§ **Data shown**
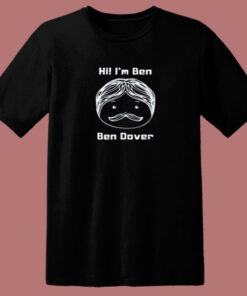 Funny Joke Names Puns Ben Dover 80s T Shirt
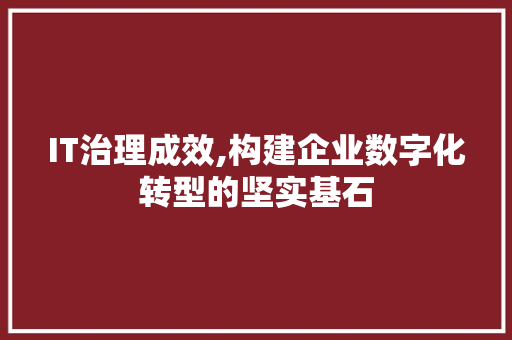 IT治理成效,构建企业数字化转型的坚实基石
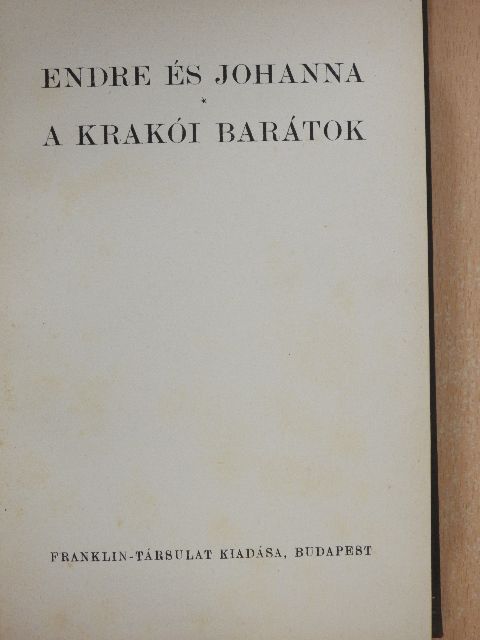 Rákosi Jenő - Endre és Johanna/A krakói barátok [antikvár]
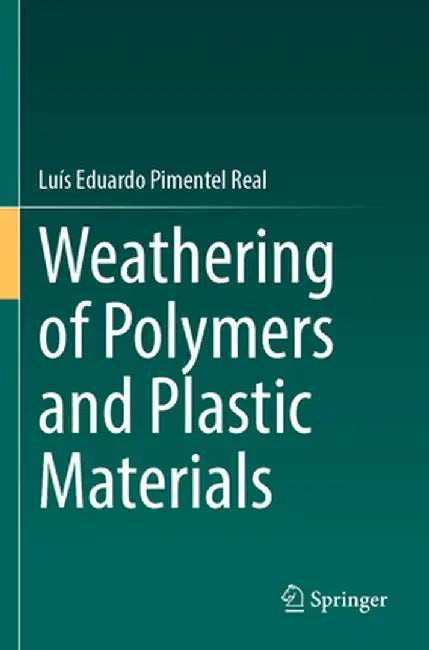 Weathering of Polymers and Plastic Materials by Luís Eduardo Pimentel Real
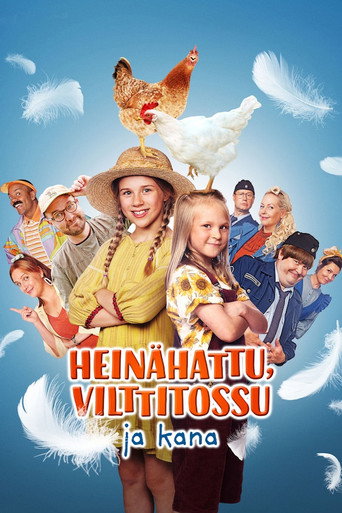 Cartel de Heinähattu, Vilttitossu ja kana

§ **What the task asks**
In the records above, find the line that contains "IT治理成效,构建企业数字化转型的坚实基石" and repeat exactly that line and all lines after it to the end. Do not include pictures.

§ **Answer section**
 IT治理成效,构建企业数字化转型的坚实基石
 Rákosi Jenő - Endre és Johanna/A krakói barátok [antikvár]
 Weathering of Polymers and Plastic Materials by Luís Eduardo Pimentel Real
 Cartel de Heinähattu, Vilttitossu ja kana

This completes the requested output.